**Work required**
The range runs from the line containing "For every speaker" through the last line of the material below; retype it exactly, leaving out the pictures.

**Data block**
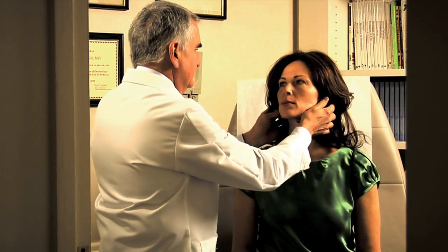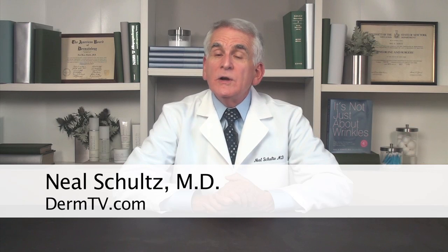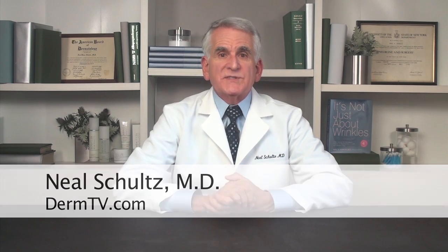Hello, I'm Dr. Neal Schultz, and welcome to DermTV. Tinea versicolor, also called pitoriasis versicolor, may sound like an exotic disease, but it's caused by a very common yeast called malisacea globosa.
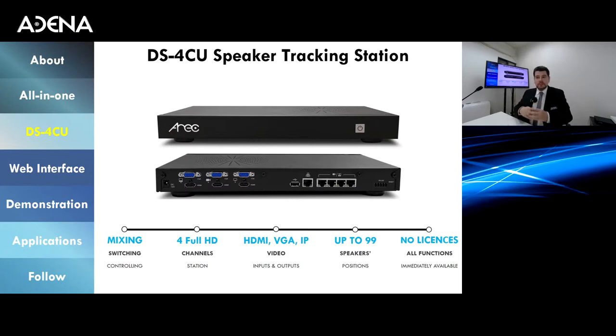For every speaker you can customize a unique combination of overlays and backgrounds. You can upload 99 unique overlay images — such as names and titles of people — and 99 unique backgrounds, like your organization's logo or corporate colors. All of these are used in pairs together with layouts for each speaker. Importantly, the DS4CU does not require any licenses. Setup simply involves entering the IP address of your microphone discussion system and customizing presets for each speaker.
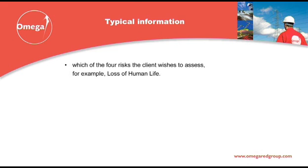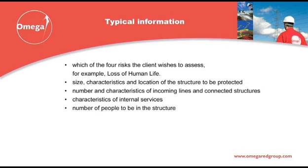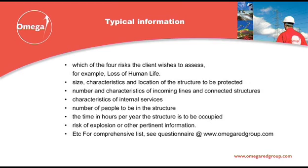Information you should be asked for typically includes: which of the four risks the client wishes to assess, for example loss of human life; size, characteristics and location of the structure to be protected; number and characteristics of incoming lines and connected structures; characteristics of internal services; number of people to be in the structure; the time in hours per year the structure is to be occupied; and risk of explosion or other pertinent information. See the risk assessment questionnaire at www.omegaredgroup.com, BSE N62305 tab, for full details of the information required.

**Response to the task**
For every speaker you can customize a unique combination of overlays and backgrounds. You can upload 99 unique overlay images — such as names and titles of people — and 99 unique backgrounds, like your organization's logo or corporate colors. All of these are used in pairs together with layouts for each speaker. Importantly, the DS4CU does not require any licenses. Setup simply involves entering the IP address of your microphone discussion system and customizing presets for each speaker.
Information you should be asked for typically includes: which of the four risks the client wishes to assess, for example loss of human life; size, characteristics and location of the structure to be protected; number and characteristics of incoming lines and connected structures; characteristics of internal services; number of people to be in the structure; the time in hours per year the structure is to be occupied; and risk of explosion or other pertinent information. See the risk assessment questionnaire at www.omegaredgroup.com, BSE N62305 tab, for full details of the information required.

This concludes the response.